• **Your goal**
Using the data that follows, give again word for word the lines between the one holding "Inverted Triangle Brown" and the one holding "Obv: MAXIMINVS PIVS", inclusive. Omit the pictures.

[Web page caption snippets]
==*==
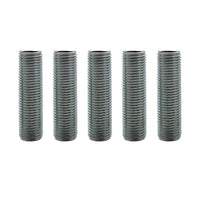 5er pack m10 lampenrohrnippel 25mm aluminium hohl ~3538 variant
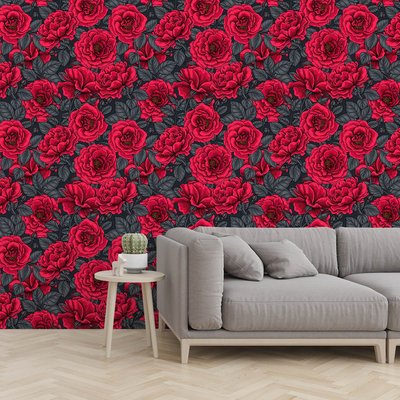 Papier peint fleurs de roses rouges HEXOA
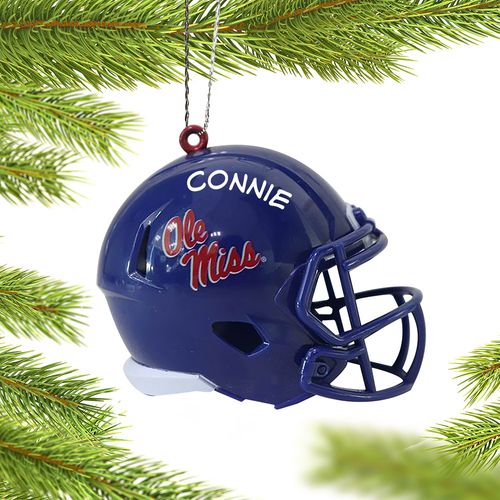 Personalized University of Mississippi Football Helmet Christmas Ornament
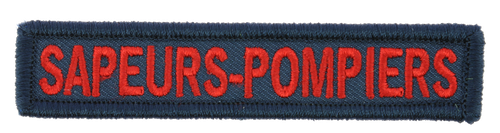 BANDE PATRONYMIQUE "SAPEURS-POMPIERS" ROUGE SUR DRAP BLEU BOURDON US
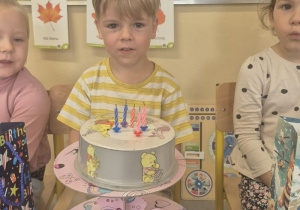 Dzieci świętują 5 urodziny kolegi i koleżanki.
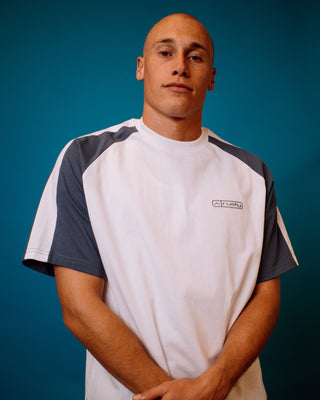 Man wearing Dodger Short Sleeve Tee in White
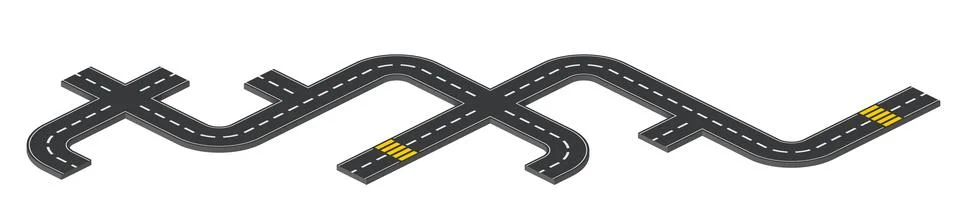 Isometric asphalt road map. イラスト素材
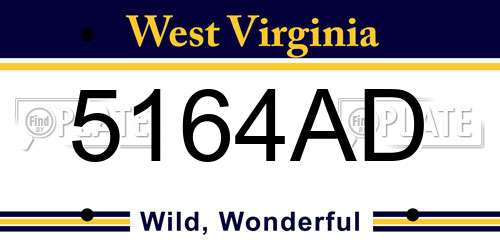 5164AD West Virginia License Plate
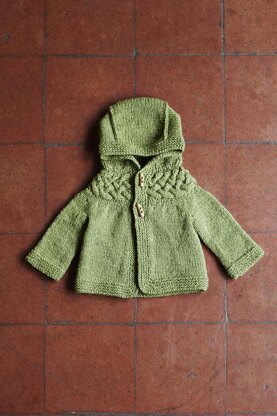 Top-down Baby and Children Cable Yoke Jacket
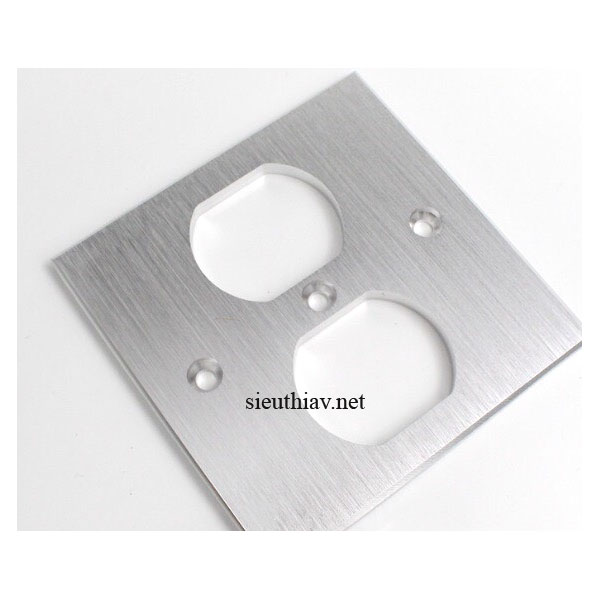 Mặt ổ cắm nhôm phay - 2 ổ (MC)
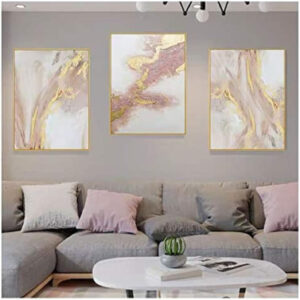 Mingdian Art Lienzo enmarcado de 3 piezas para pared, pintura abstracta de oro rosa, forma de flujo de agua, decoración moderna para el hogar, listo para colgar, 61 x 122 cm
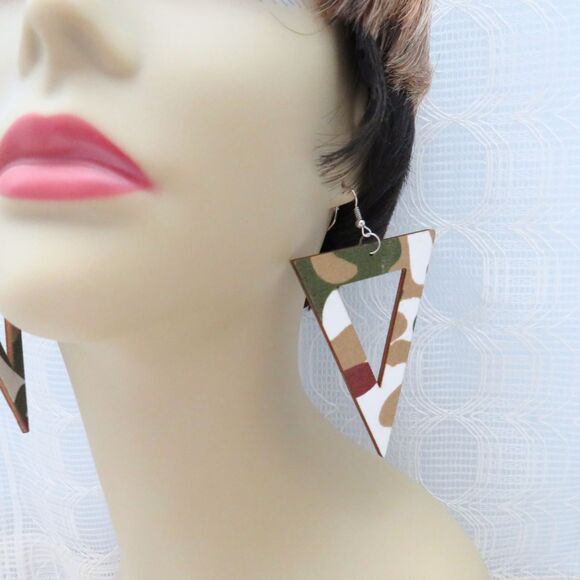 Inverted Triangle Brown and Green Camo Dangle Earrings For Women 4 Inches - Picture 1 of 7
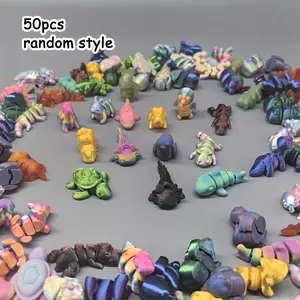 50-Piece 3D Printed Animal Kingdom Models, Unique Animal Decorations, Room Decor, Garden Ornaments, Aquarium Accessories, Ideal for Festive Scenes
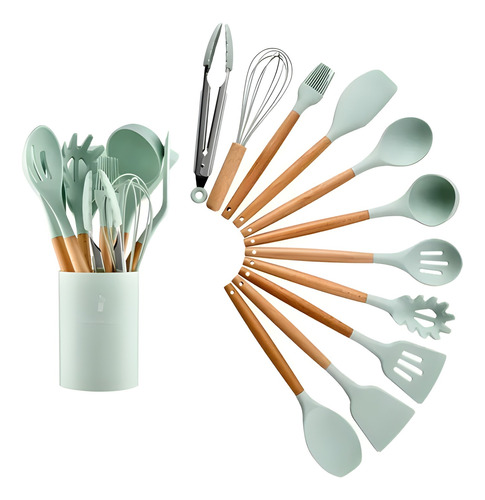 Set Utensilios De Cocina En Silicona X12 Resistente Al Calor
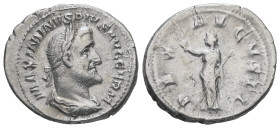 Maximinus I, AD 235-238. AR, Denarius. 3.42 g. 21.03 mm. Rome.
Obv: MAXIMINVS PIVS AVG GERM. Laureate, draped and cuirassed bust of Maximinus I right....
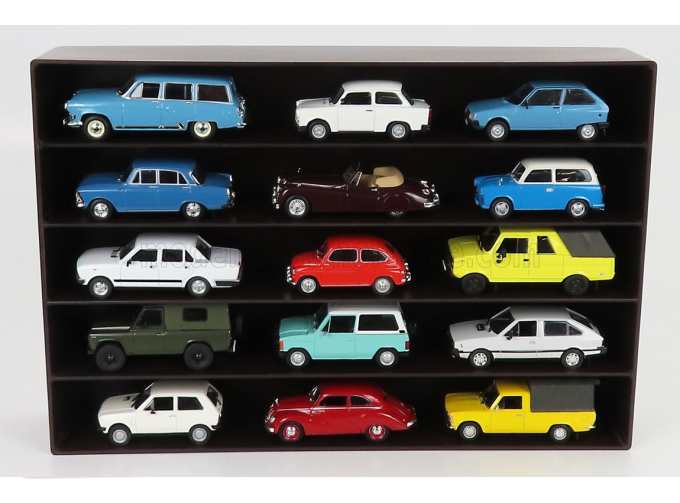 ACCESSORIES Espositore Aperto - For Auto 1/43 1/64 - Cars Not Included - Lungh.lenght Cm 36.8 X Largh.width Cm 6.7 X Alt.height Cm 24.3 (altezza Utile Tra I Ripiani Cm 4.5 Inner Height Among Shelves), Brown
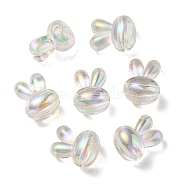 UV Plating Rainbow Iridescent Acrylic Beads, Two Tone Bead in Bead, Rabbit Head, Clear AB, 20x15x13mm, Hole: 3mm(PACR-E001-05I)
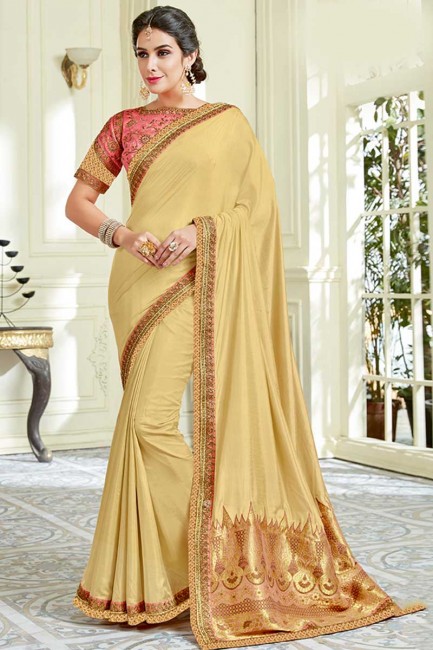 Fascinating Beige color Soft Silk saree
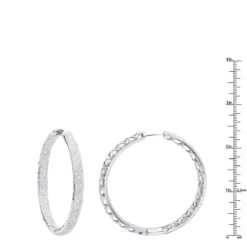 14K White Gold Large Diamond Hoop Earrings 3.5ct Inside Out Pave Setting -Urban Jewels Shop jewelry 14k gold large diamond hoop earrings 35ct inside out pave setting rulerwh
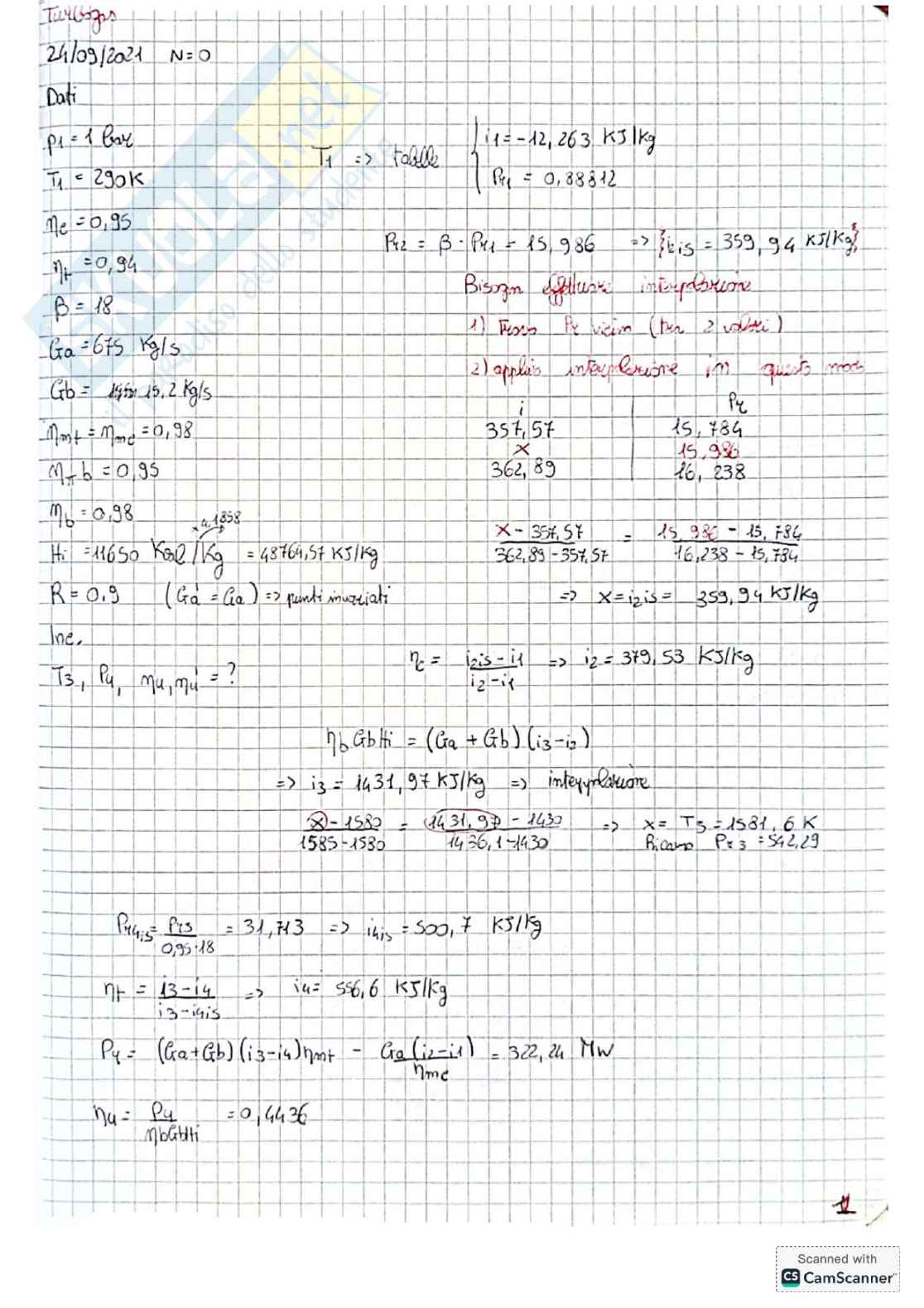 Raccolta esercizi Sistemi energetici e macchine a fluido I - Seconda parte Pag. 1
==*==
• **Task response**
 Inverted Triangle Brown and Green Camo Dangle Earrings For Women 4 Inches - Picture 1 of 7
 50-Piece 3D Printed Animal Kingdom Models, Unique Animal Decorations, Room Decor, Garden Ornaments, Aquarium Accessories, Ideal for Festive Scenes
 Set Utensilios De Cocina En Silicona X12 Resistente Al Calor
 Maximinus I, AD 235-238. AR, Denarius. 3.42 g. 21.03 mm. Rome.
Obv: MAXIMINVS PIVS AVG GERM. Laureate, draped and cuirassed bust of Maximinus I right....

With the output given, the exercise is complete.